The infectious disease human monkeypox is spreading rapidly in 2022, causing a global health crisis. The genomics of Monkeypox virus (MPXV) have been extensively analyzed and reported, although little is known about the virus‐encoded proteome. In particular, there are no reported experimental MPXV protein structures other than computational models. Here, a 1.52 Å resolution X‐ray structure of the MPXV protein A42R, the first MPXV‐encoded protein with a known structure, is reported. A42R shows structural similarity to profilins, which are cellular proteins that are known to function in the regulation of actin cytoskeletal assembly. However, structural comparison of A42R with known members of the profilin family reveals critical differences that support prior biochemical findings that A42R only weakly binds actin and does not bind poly(l‐proline).
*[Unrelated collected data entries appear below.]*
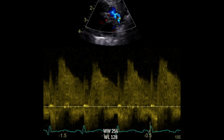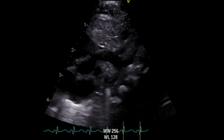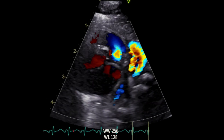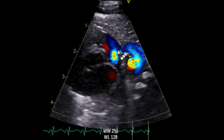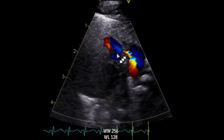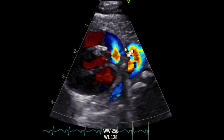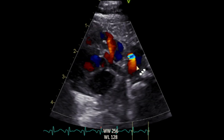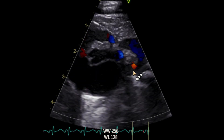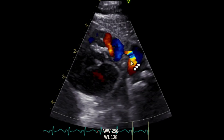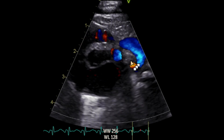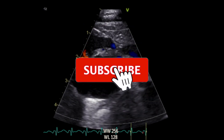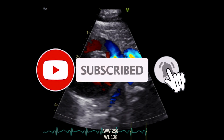And this is the flow Doppler again — the arch view. This is another view. You can see the main pulmonary artery with the descending aorta nicely here, and the PDA — you can see it connecting the descending aorta with the main pulmonary artery.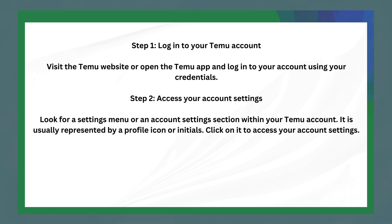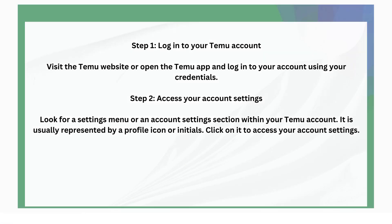The following step is to access your account settings. Look for a settings menu or an account settings section within your Temu account. It is usually represented by a profile icon or your initials — click on it to access your account settings.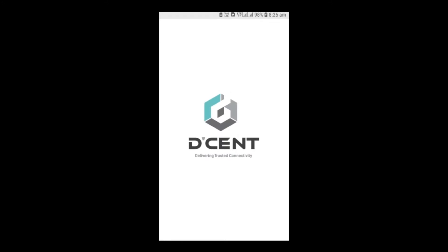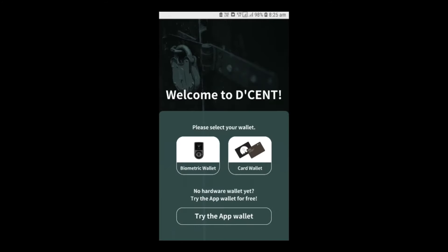Once the app has been installed, click on it and you will have three wallet options to choose from: Biometric, Card, and App Wallet. Select the App Wallet.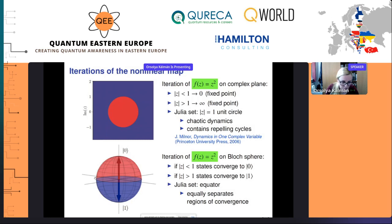Just to show how things work on the Bloch sphere: the northern hemisphere corresponds to this circle on the complex plane and states all converge to quantum state |0⟩. States from the southern hemisphere converge to quantum state |1⟩, and the equator corresponds to the chaotic region.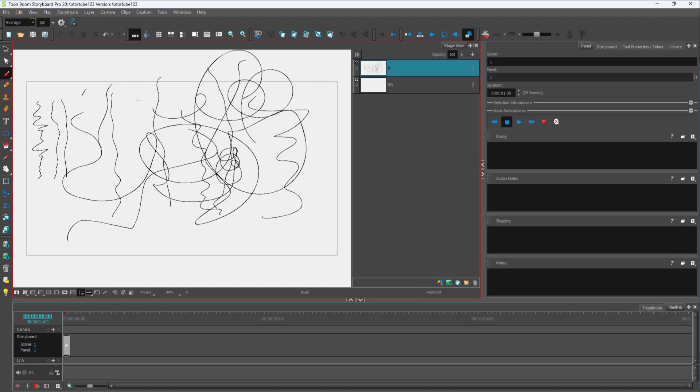That is how you can use the stabilizer inside of Toon Boom Storyboard Pro. Hope you guys learned something. As always, please like, comment, share and subscribe.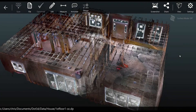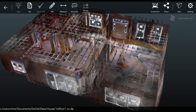By default, .3D will conservatively limit the maximum scene size you can capture per scan. However, if you are operating on a more powerful tablet such as the DPI 10 on Android or Windows, you may want to expand upon those capabilities.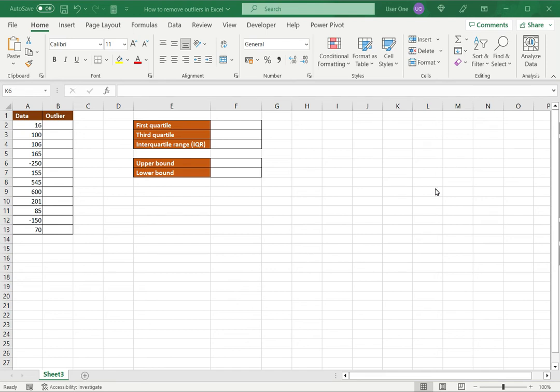Welcome to another Spreadsheeters video guide. You can find written instructions for these steps on the Spreadsheeters website. In this video we'll see how to remove outliers in Excel.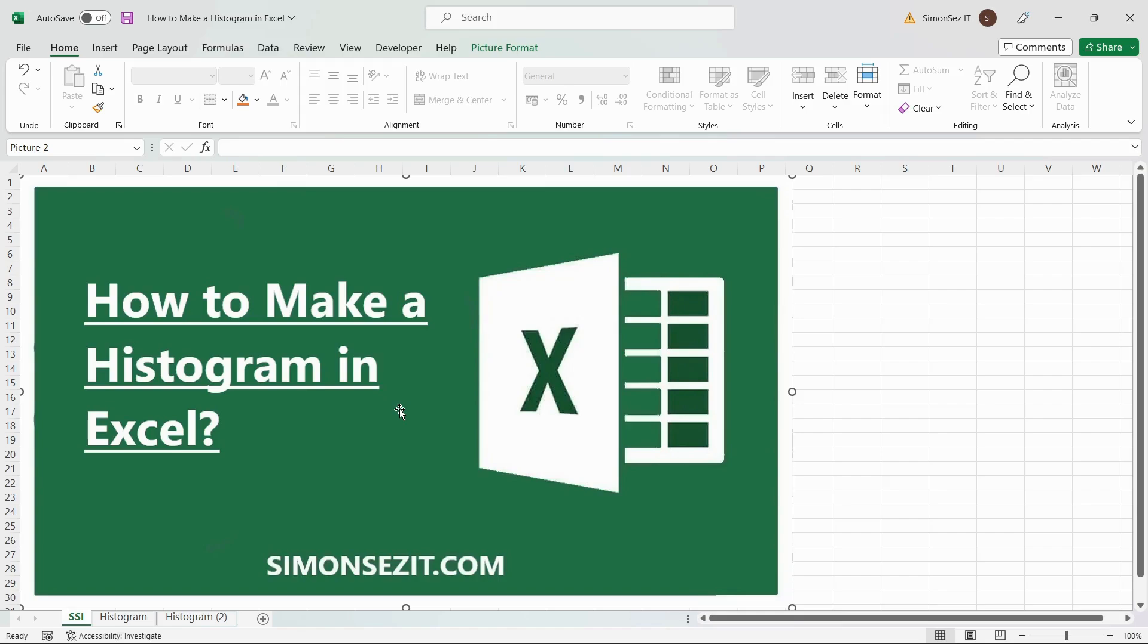Hello everyone, welcome to a new tutorial from Simon Says It. In this video, I will show you how to make a histogram in Excel.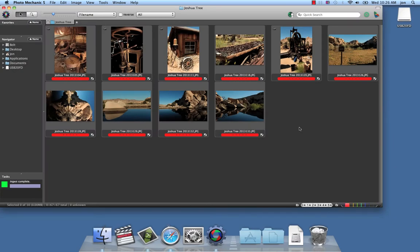Hello Photo Mechanic users, this is John from Camera Bits and this is a tutorial on using Photo Mechanic software.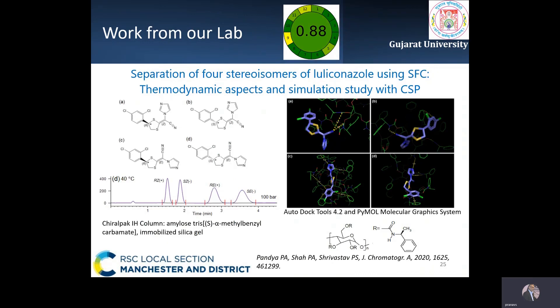In another method, four stereoisomers of luliconazole, an antifungal drug, were separated on an amylose-based Chiral Pack IH column. Van't Hoff plots revealed the chiral separation was essentially entropy-driven. Molecular docking results revealed hydrogen bonding and pi-pi interactions as the dominant interaction modes. Elution orders and binding energies were in good agreement with experimental results, and the method greenness score was 0.88.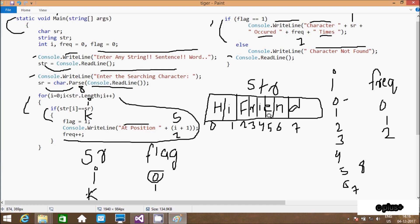I entered 'hi friends' as the string, and you can enter any string, character or word and try the same method. You will definitely get the expected output. So in this video it's over — thanks for watching, see you next. And one more thing: if you have any problem or difficulty understanding this program, leave your comment and I will definitely reply. Thank you.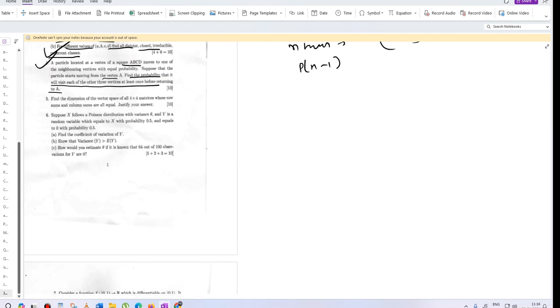Find the dimensions of the vector space of 4 by 4 matrices whose row sums and column sums are equal. Justify your answer as well.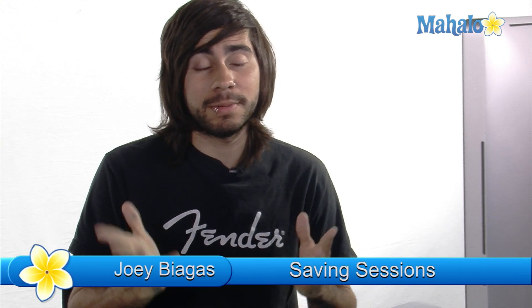What's going on guys? Today I'm going to show you how to save sessions inside of Pro Tools, Pro Tools 9 to be specific.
In addition, the analysis suggests that A42R may make distinct interactions with phosphatidylinositol lipids. Overall, the data suggest that the role of A42R in the replication of orthopoxviruses may not be readily determined by comparison to cellular profilins. Furthermore, these findings support the need for increased efforts to determine high‐resolution structures of other MPXV proteins to inform physiological studies of the poxvirus infection cycle and to reveal potential new strategies to combat human monkeypox should this emerging infectious disease with pandemic potential become more common in the future. The structure of the Monkeypox virus protein A42R has been determined at a resolution of 1.52 Å. This protein has a backbone structure similar to that of cellular profilin, but structural variation in loop regions and a surface basic patch support biochemical data showing that this protein has distinct binding interactions with actin and phosphatidylinositol lipids and is not likely to bind proline‐rich domain proteins or microtubules.